The exact extent to which this will disturb cross-sector partnerships remains to be seen, but it will most certainly have a detrimental effect on progress. All the evidence shows that collaborations like the ones outlined above are crucial to demonstrate real-world impact. Hence, clarity is needed on funding and policy stability if the UK is to continue to benefit (and at the same time offer public health benefits) from making the best use of its databases. For now, we know that the UK will roll out the new General Protection Data Regulation in 2018, as the rest of Europe will, so at least there will be a level of consistency from this perspective.

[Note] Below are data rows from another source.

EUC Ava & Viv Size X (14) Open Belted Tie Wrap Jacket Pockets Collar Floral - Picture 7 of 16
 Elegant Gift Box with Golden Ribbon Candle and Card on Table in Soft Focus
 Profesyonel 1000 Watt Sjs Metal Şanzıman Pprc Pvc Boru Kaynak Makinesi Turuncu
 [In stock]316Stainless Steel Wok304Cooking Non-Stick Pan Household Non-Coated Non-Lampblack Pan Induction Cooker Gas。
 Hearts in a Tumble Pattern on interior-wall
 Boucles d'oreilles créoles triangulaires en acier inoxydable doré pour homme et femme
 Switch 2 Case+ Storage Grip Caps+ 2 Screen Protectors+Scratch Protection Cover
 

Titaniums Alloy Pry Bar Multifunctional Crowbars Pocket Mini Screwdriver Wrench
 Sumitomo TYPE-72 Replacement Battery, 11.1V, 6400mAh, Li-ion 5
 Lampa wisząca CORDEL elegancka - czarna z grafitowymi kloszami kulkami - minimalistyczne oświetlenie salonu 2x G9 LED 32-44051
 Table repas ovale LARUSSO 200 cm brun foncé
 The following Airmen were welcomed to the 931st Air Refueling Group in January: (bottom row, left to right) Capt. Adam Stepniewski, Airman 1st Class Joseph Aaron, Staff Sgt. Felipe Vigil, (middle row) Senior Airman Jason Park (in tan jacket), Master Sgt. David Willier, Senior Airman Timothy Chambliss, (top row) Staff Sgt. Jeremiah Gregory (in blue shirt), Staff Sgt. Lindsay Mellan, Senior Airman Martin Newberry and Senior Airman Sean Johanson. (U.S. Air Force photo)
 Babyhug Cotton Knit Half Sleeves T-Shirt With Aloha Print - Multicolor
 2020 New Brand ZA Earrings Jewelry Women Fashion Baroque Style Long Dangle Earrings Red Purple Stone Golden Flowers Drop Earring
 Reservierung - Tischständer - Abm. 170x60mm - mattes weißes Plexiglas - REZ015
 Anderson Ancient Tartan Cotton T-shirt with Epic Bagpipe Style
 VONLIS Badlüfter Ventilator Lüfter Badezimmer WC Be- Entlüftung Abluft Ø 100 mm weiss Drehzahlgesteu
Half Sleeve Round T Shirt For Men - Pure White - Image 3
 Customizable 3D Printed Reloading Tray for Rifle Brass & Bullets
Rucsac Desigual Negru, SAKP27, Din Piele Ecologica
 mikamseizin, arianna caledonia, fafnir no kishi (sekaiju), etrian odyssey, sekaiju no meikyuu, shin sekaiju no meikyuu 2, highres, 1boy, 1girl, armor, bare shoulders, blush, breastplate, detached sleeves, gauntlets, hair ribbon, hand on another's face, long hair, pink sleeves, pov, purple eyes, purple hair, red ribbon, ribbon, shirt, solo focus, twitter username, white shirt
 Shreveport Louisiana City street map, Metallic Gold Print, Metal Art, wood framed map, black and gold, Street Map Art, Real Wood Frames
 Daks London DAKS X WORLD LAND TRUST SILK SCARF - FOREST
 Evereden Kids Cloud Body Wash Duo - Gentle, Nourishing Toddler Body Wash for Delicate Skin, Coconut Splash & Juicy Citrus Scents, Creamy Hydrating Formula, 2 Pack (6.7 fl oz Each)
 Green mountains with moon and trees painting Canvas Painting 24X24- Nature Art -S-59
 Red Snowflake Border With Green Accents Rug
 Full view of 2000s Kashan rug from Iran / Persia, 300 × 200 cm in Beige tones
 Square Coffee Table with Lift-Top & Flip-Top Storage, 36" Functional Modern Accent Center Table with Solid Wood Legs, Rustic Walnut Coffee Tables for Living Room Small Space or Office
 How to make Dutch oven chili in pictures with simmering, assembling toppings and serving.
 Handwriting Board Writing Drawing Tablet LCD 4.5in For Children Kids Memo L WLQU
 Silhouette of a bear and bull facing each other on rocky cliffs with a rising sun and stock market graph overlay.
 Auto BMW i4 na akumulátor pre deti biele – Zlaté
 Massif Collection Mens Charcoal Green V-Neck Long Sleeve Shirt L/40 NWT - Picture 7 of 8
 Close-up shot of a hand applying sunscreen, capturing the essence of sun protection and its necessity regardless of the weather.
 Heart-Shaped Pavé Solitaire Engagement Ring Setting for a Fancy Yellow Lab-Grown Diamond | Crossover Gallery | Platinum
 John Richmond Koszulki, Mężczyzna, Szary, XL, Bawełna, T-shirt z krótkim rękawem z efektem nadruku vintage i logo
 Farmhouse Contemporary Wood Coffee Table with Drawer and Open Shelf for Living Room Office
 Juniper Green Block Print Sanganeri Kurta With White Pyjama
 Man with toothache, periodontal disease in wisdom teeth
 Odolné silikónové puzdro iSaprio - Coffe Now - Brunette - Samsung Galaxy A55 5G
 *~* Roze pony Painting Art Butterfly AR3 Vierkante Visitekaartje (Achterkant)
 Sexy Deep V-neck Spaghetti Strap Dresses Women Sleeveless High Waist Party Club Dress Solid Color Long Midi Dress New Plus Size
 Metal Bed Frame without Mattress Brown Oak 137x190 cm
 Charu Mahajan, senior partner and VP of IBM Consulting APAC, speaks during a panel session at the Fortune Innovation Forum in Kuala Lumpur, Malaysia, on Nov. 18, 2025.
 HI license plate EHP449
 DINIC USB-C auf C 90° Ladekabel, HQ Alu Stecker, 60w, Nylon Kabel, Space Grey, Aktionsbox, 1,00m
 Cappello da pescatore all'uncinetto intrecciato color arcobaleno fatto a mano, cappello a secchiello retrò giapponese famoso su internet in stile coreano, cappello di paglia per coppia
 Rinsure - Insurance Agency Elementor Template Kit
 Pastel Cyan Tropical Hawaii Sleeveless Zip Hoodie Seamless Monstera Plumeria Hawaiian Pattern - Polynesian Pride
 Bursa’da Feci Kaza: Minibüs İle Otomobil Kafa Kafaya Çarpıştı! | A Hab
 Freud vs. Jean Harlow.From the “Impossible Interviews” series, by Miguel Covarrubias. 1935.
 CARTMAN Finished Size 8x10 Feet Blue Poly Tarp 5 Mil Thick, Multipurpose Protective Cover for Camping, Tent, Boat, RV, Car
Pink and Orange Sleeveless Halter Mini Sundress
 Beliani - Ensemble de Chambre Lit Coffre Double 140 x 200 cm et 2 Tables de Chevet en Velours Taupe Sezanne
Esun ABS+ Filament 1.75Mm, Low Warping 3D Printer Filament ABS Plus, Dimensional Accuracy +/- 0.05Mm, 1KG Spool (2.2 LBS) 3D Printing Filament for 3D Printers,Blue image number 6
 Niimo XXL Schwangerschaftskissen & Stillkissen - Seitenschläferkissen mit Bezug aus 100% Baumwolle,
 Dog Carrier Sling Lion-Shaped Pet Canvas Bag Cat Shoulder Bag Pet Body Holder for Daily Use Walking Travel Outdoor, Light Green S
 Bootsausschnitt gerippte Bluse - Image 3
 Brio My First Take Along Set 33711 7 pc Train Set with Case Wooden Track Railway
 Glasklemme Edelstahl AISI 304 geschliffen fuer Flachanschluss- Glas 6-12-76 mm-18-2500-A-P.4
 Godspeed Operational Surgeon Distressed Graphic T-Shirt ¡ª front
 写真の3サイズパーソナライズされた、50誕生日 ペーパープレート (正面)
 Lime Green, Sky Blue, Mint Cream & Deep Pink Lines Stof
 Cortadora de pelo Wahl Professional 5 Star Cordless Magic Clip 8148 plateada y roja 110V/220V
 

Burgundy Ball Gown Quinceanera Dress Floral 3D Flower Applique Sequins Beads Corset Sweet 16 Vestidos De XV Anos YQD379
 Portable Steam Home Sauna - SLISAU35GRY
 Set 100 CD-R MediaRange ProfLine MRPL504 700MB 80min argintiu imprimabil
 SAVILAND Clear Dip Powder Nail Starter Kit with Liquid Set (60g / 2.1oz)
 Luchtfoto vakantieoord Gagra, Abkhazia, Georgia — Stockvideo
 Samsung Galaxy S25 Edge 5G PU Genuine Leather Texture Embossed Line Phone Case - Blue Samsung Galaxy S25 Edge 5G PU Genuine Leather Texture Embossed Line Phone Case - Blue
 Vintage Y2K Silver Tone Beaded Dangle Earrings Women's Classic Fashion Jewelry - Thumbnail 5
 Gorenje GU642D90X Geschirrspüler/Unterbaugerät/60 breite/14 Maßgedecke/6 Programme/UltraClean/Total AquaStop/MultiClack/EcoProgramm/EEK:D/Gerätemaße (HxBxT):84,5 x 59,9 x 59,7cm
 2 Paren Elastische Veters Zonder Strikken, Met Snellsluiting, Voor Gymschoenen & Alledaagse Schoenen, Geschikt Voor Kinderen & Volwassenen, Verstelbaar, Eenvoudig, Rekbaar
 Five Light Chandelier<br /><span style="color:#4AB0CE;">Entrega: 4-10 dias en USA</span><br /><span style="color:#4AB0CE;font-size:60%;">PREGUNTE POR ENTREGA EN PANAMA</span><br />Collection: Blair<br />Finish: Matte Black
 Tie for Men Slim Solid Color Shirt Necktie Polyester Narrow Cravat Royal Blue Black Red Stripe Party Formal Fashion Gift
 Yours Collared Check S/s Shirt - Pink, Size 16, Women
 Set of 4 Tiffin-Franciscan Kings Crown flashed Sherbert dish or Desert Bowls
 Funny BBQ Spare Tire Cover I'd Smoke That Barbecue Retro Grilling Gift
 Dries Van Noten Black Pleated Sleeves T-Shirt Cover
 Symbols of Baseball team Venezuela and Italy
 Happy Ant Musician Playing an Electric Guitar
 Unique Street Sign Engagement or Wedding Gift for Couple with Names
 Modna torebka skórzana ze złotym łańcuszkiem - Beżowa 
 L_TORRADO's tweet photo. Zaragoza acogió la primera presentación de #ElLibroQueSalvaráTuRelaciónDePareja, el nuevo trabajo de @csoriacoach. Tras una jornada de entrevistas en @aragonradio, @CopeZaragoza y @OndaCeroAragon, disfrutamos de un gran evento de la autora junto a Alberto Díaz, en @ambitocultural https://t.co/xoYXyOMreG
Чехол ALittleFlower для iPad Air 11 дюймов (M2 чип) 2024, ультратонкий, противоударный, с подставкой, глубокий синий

A Universities UK report recommends as a starting point that a mechanism to facilitate effective research collaboration could be to create more agency-level bilateral agreements, built flexibly and with funding attached. The role and position of UK or international companies based in the UK post-Brexit will play a key part in understanding the implications for pharmacoepidemiology and real-world data research.
Maintaining momentum
Cross-sector collaboration is fundamental in order to further capitalise on the momentum of big data and address well-documented challenges of expertise, public trust, complexity and expectations versus capacity. Programmes and incentives to enable partnerships across academia and industry, as well as healthcare systems, regulatory authorities, research funders and patient groups, have to be explored. Big data may indeed be the catalyst to enable academic-industry collaborations and the UK is endeavouring to promote such synergies at a global level. But the country needs to make sure that it can maintain this momentum post-Brexit.
Acknowledgement: I thank my colleague Dr Stephen Mulgrew for his contribution to an earlier version of this article.